### Recorded information
==*==

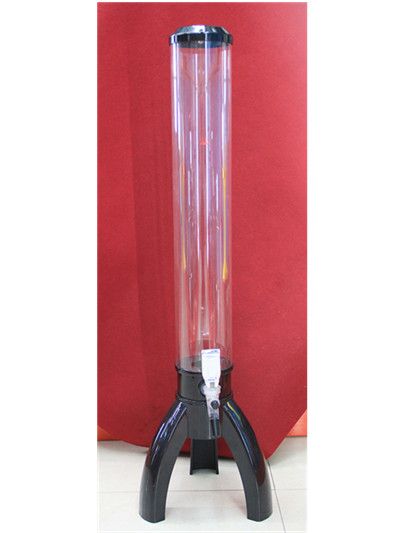 Triangular 1.5L Wine Gun
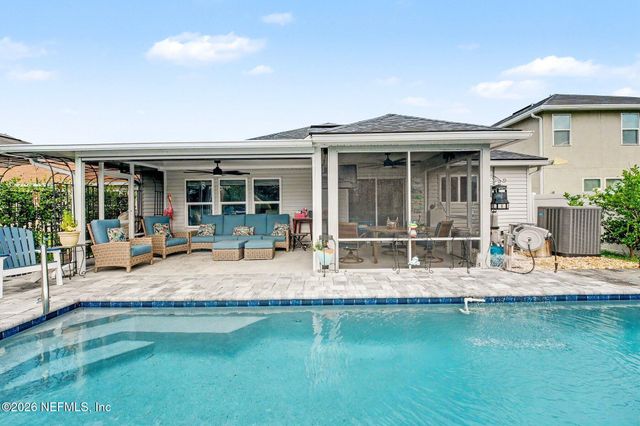 16013 HUTTON Lane, Jacksonville, FL 32218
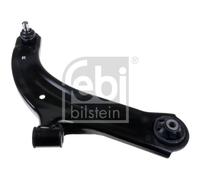 TRACK CONTROL ARM FOR NISSAN FEBI BILSTEIN 48161 FITS FRONT AXLE RIGHT, LOWER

==*==

### What needs to be done
Images are to be left out; everything else in the material must be written out exactly.

### Answer section
 Triangular 1.5L Wine Gun
 16013 HUTTON Lane, Jacksonville, FL 32218
 TRACK CONTROL ARM FOR NISSAN FEBI BILSTEIN 48161 FITS FRONT AXLE RIGHT, LOWER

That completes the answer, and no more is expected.